CullVue chose MobileCLIP-S2 for several reasons:

  • Optimized for on-device use — MobileCLIP-S2 is specifically designed for efficient local inference. It runs well on consumer hardware without requiring a powerful GPU.
  • Apple Neural Engine support — On Apple Silicon Macs (M1 and newer), the model takes advantage of the dedicated Neural Engine for hardware-accelerated processing, significantly speeding up both indexing and search.
  • Strong accuracy for its size — Despite being much smaller than server-class vision models, MobileCLIP-S2 provides highly relevant search results for everyday photo queries.
  • Compact model size — The model download is approximately 400 MB, a one-time download that is stored locally and never needs to be re-downloaded unless you explicitly remove it.

Runs entirely locally

The model runs entirely on your CPU or GPU. No internet connection is required for either indexing or searching. The model weights are stored on disk and loaded into memory when you activate semantic search mode.

Search Tips & Examples

Semantic search understands natural language, so you do not need to use special syntax or keywords. That said, some query styles produce better results than others.

Effective queries

Query What it finds
"sunset at the beach" Photos of sunsets with ocean, sand, or coastline visible
"cat on a couch" Indoor photos of cats resting on sofas or cushions
"birthday party with cake" Celebration scenes with cakes, candles, or party decorations
"red car" Photos featuring red-colored automobiles
"snowy mountain landscape" Wide shots of snow-covered peaks and alpine scenery
"people hiking in a forest" Outdoor trail photos with people walking among trees

Tips for better results

  • Be descriptive, not abstract — Describe what is visually present in the image. Queries like "golden hour portrait" work better than "beautiful photo" because the model matches on visual content, not subjective judgments.
  • Include context clues — Adding details like location, setting, or objects helps narrow results. "dog playing in the park" is more specific than just "dog".
  • Try different phrasings — If your first query does not return what you expect, rephrase it. "autumn leaves" and "fall foliage" may surface slightly different results.
  • Start broad, then narrow — If you are not sure how your photos were composed, start with a general query and refine from there.
  • Use the scope filter — Use the scope dropdown next to the search bar to limit results to a specific folder or search across all watched folders.

What semantic search does not do

Semantic search is based on visual similarity, not optical character recognition or face recognition. It will not reliably find photos containing specific text (like a sign with a particular word) or identify specific individuals by name. It understands visual concepts and scenes, not identities or written words.

How Indexing Works

Indexing is the process of generating an embedding for each photo in your library. This is what makes semantic search possible.

Background processing

Indexing runs as a background task that does not block the rest of the application. You can browse, tag, create albums, and use filename search while indexing is active. CullVue throttles the indexing process to keep the app responsive.

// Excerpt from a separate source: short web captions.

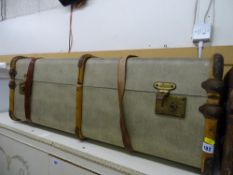 Wooden banded travel case/trunk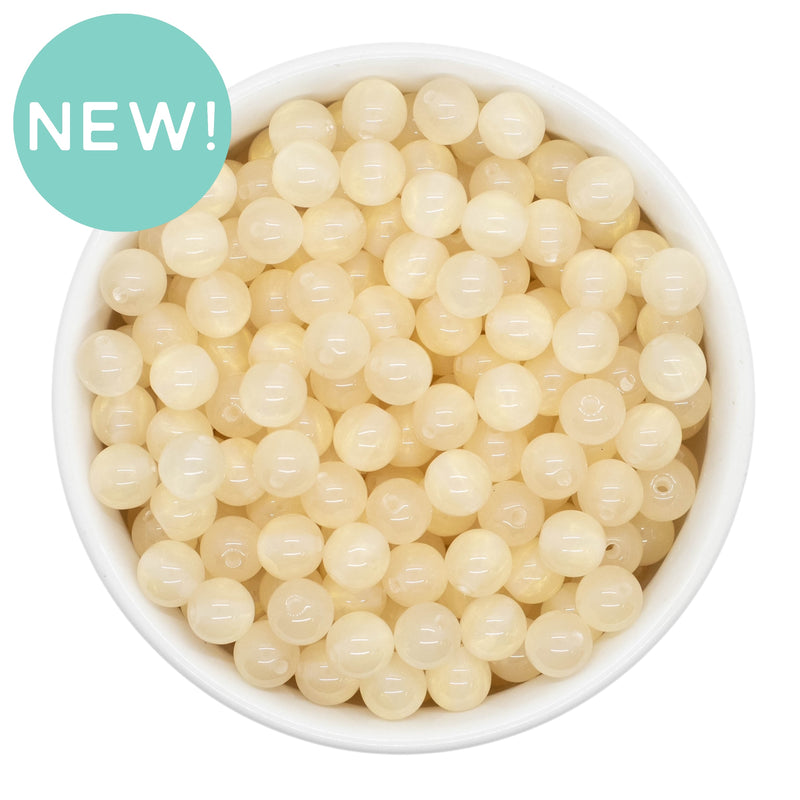 Ivory Pearly Luster Beads 8mm (Package of Approx. 50 Beads)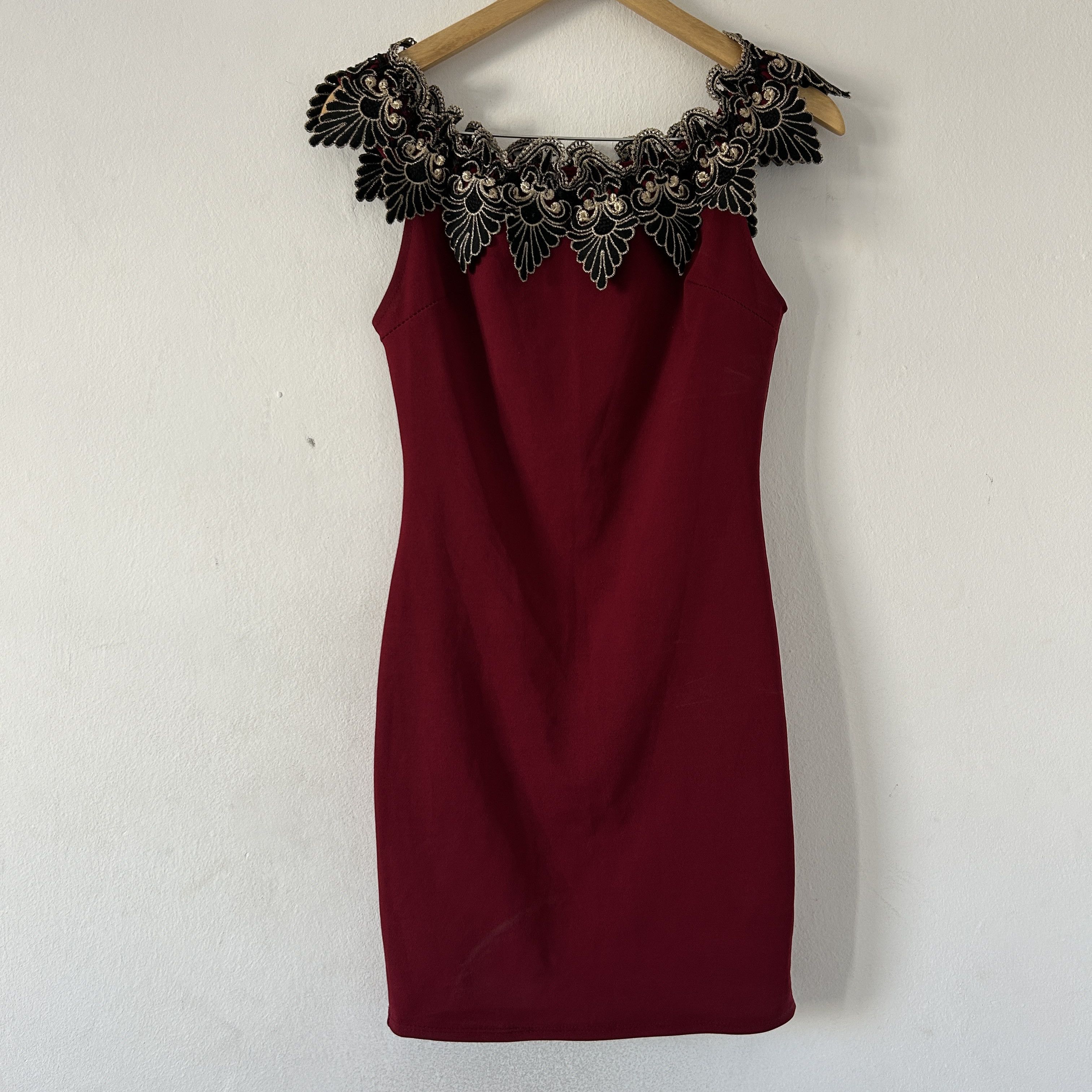 Vintage Vintage Burgundy Hue Bodycon Dress Size M / US 6-8 / IT 42-44 - 8 Thumbnail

There are two indexing modes:

  • Foreground indexing — Triggered from the indexing modal dialog. This runs at full speed and processes images faster, which is ideal during initial setup.
  • Background indexing — Runs at lower priority when the modal is closed. This ensures the app stays snappy while gradually working through your library.

Progress tracking

The status bar at the bottom of the window shows indexing progress, including the number of images processed and the current file being analyzed. When indexing is idle, the status bar displays the total number of indexed images in your library.

Incremental updates

CullVue watches your folders in real time. When new photos are added to a watched folder, they are automatically queued for indexing. When photos are deleted, their corresponding index entries are cleaned up. You do not need to manually re-index your library after adding or removing files.

Index storage

All embeddings are stored in a local database on your device. The index size depends on the number of photos in your library, but it is very compact. For a typical library of 10,000 photos, expect the index to use approximately 30 MB of disk space. The embeddings are small numerical vectors, not copies of your images.

Privacy & Local Processing

Privacy is a core design principle of CullVue's AI search. Every part of the pipeline runs entirely on your device.

  • No cloud processing — Your photos are never uploaded to a server. The AI model runs locally on your CPU or GPU.
  • No internet required — After the one-time model download, semantic search works completely offline. You can disconnect from the internet entirely and search will continue to work.
  • No data leaves your device — Your images, embeddings, search queries, and results are all processed and stored locally. Nothing is transmitted to external servers.
  • No third-party access — There are no third-party analytics, tracking pixels, or data-sharing agreements involved in the AI search feature. The only network request the app makes is an optional check for software updates, which can be disabled in Settings.
  • Embeddings are not images — The embeddings stored in the local database are compact numerical vectors. They cannot be reversed to reconstruct the original image. They contain no EXIF data, no GPS coordinates, and no personally identifiable information.

Performance

Search speed

Once your library is indexed, searches complete in milliseconds. The similarity comparison is a lightweight mathematical operation that scales well even to large libraries. A library of 10,000 photos typically returns results in under 50 ms.

Indexing speed

Indexing speed depends on your hardware. On an Apple Silicon Mac with the Neural Engine, CullVue can index several hundred images per minute. On machines without dedicated ML hardware, indexing relies on the CPU and is slower but still practical for most library sizes.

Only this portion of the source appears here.